La pasaron en una sala enorme, donde caben diría que unas mil personas. Y cuando acaba la película no hay preguntas, simplemente un foco directo a la butaca del director. Y justo cuando se terminó la película y se encendió el foco, empecé a escuchar unos abucheos… Algunas personas también aplaudían, y se mezclaban las dos cosas, fue muy loco.
¿Crees que hay cierto público que no puede entender esa escena?
Bueno, Venecia es un festival muy grande. Hay críticos, cinéfilos, programadores, público… además, Venecia es como una isla de vacaciones… Pero me gusta la idea de que hoy en día, en pleno siglo XXI, una película pueda crear esas reacciones contrapuestas. Es verdad que en ese momento no estaba nada feliz, me impactó mucho. Y además estaba con la niña que interpreta a Kaká. Hasta que no salí de la sala no pude racionalizar lo que estaba ocurriendo.
Tampoco hay que pensar que el único interés de la escena sea morboso. Hay un juego con la luz, los claroscuros y las sombras en los cuerpos desnudos (que nos recuerda a ciertas composiciones pictóricas de Caravaggio, por ejemplo) que contrasta con los colores más vivos de otras partes de la película.
Hay momentos que la película, y eso viene de la experiencia documental per también del videoarte, se permite ir para otros caminos de investigación, casi de danza visual o de performance. Son experiencias autónomas dentro de la película, pero conectadas a la historia. Son como momentos de excusa para encontrar otros medios expresivos. En ese momento quería que la luz creara una atmósfera más interesada en la irrupción del cuerpo y sus pliegues.

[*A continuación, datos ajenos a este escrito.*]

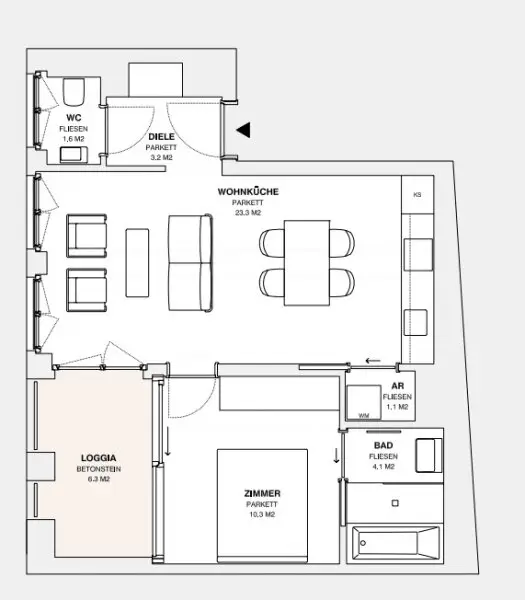 ++MOLLARD 50++ hochwertige 2-Zimmer-Wohnung mitten im Herzen der Stadt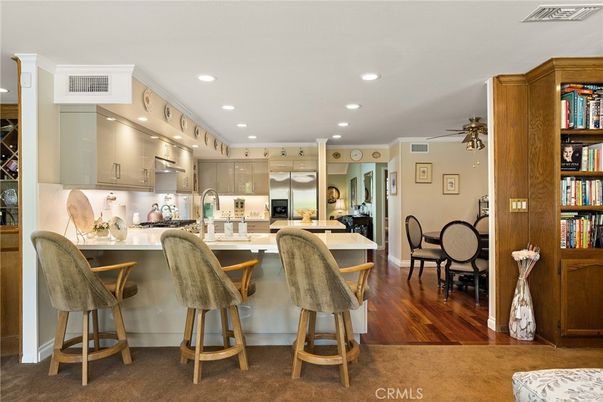 Dining room, Interior, Kitchen, Recessed Lighting, Stainless Steel Appliances, Wood Texture Flooring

Bueno, y para terminar, ¿ya tienes decidido el próximo paisaje brasileño que filmarás?
De momento estoy haciendo un trabajo en fotografía y una instalación. También estoy empezando a escribir, pero son solo ideas, estoy en el proceso de creación. En realidad, normalmente pienso primero en ideas, y luego ya decidido si tienen que ser para cine o para otro medio.